Clive Brunskill/Getty Images
Clive Brunskill/Getty Images

Both the superstars in utero—Alexander Zverev, fresh off his first Masters title, and Nick Kyrgios, dealing with a hurt hip—drew tough first-round matchups. One flamed out while the other sailed through in straights, but the results reversed expectations: if you couldn’t identify the very frustrated arms above, they belong to Zverev, who fell to unseeded Fernando Verdasco, 6-4, 3-6, 6-4, 6-2.


Zverev met that classically vacant postgame question—what do you think made the difference today?—with a fitting response: “I played absolute shit made the difference. It’s quite simple.”
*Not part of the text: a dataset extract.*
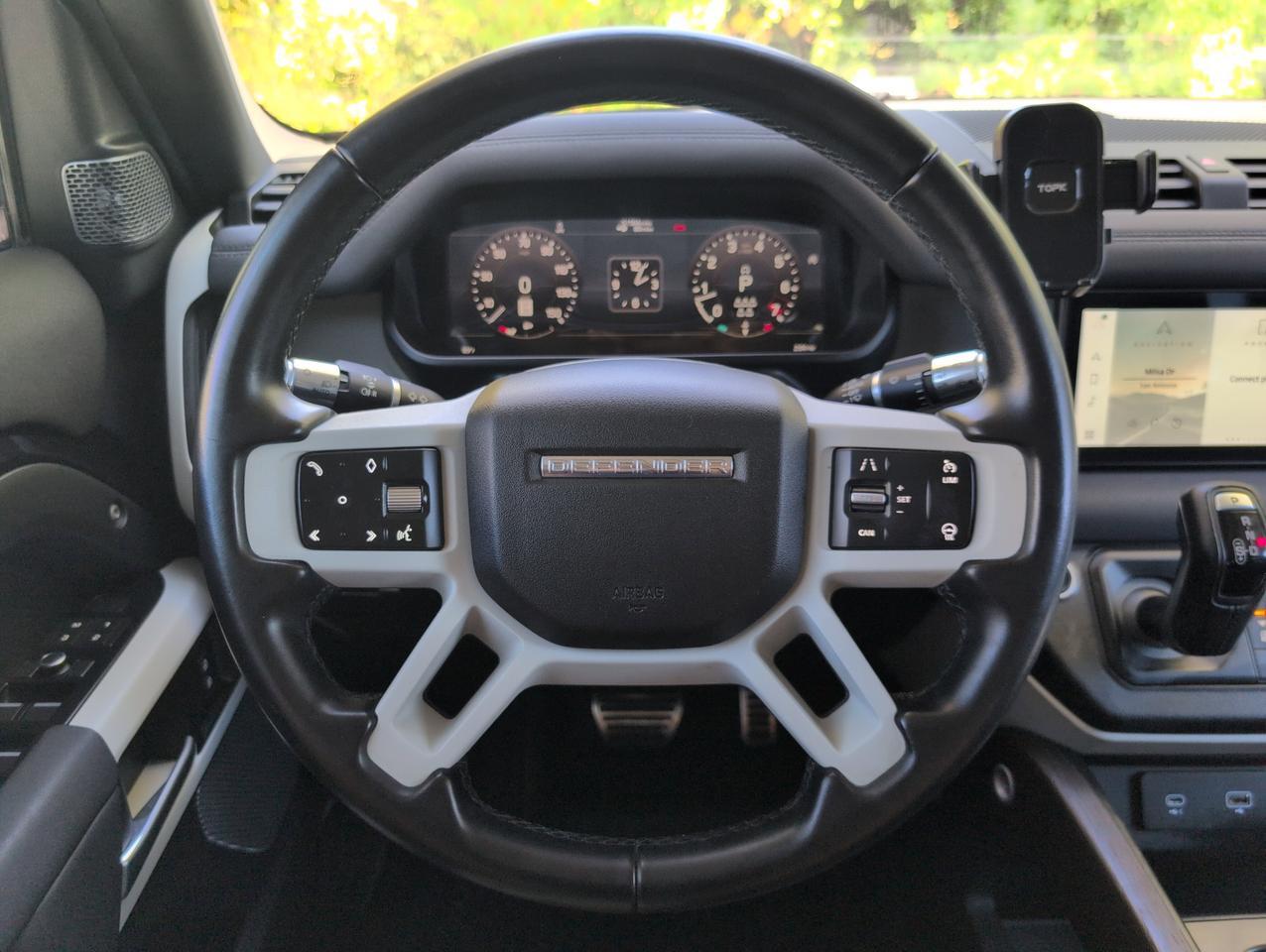 2020 Land Rover Defender SE San Antonio TX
His answer undersells the talents of Verdasco, a lefty Spaniard who bludgeons forehands and has beaten most of the greats in his long, mildly disappointing career; now at age 33, he’s basically a landmine lurking in any draw, a first-round matchup you’d rather avoid. After splitting the first two sets, the umpire suspended play, and when they resumed play on Tuesday morning a markedly worse Zverev got played off the court.

With the field as weak as it currently is, it’s tempting to get overeager about Zverev’s talents—he was among my candidates with any chance of upsetting Nadal—but revisit the surreal fact that the 20-year-old has yet to defeat a top 50 player in a best of five match. (Nick Kyrgios, meanwhile, moves onto the second round after beating the veteran Philipp Kohlscreiber 6-3, 7-6 (4), 6-3.)

Today the top Frenchman was dismissed from his home Slam. Twelfth-seeded Jo-Wilfried Tsonga, who finally seemed to be finding his feet on clay, was deflated by Renzo Olivo, a 25-year-old Argentine who had only played three other Grand Slam matches in his life. Tsonga played well when charging the net—his backhand volley in particular is a beautiful, knifing thing—but somehow couldn’t match Olivo from the baseline. This match was suspended yesterday, at the tail end of the fourth set, and this morning Tsonga lasted mere minutes before shuffling to the net in defeat.

Tsonga was a little more reserved in his post-upset remarks than Zverev. “Last week I won my first-ever clay tournament. And today I lost at the French Open. It’s the paradox of tennis,” said the 32-year-old Tsonga, after his worst run at this tournament since 2005. The French are now free to pin their hopes on Lucas Pouille, who just cleared the second round for the first time in his career, or, as always, Gael Monfils.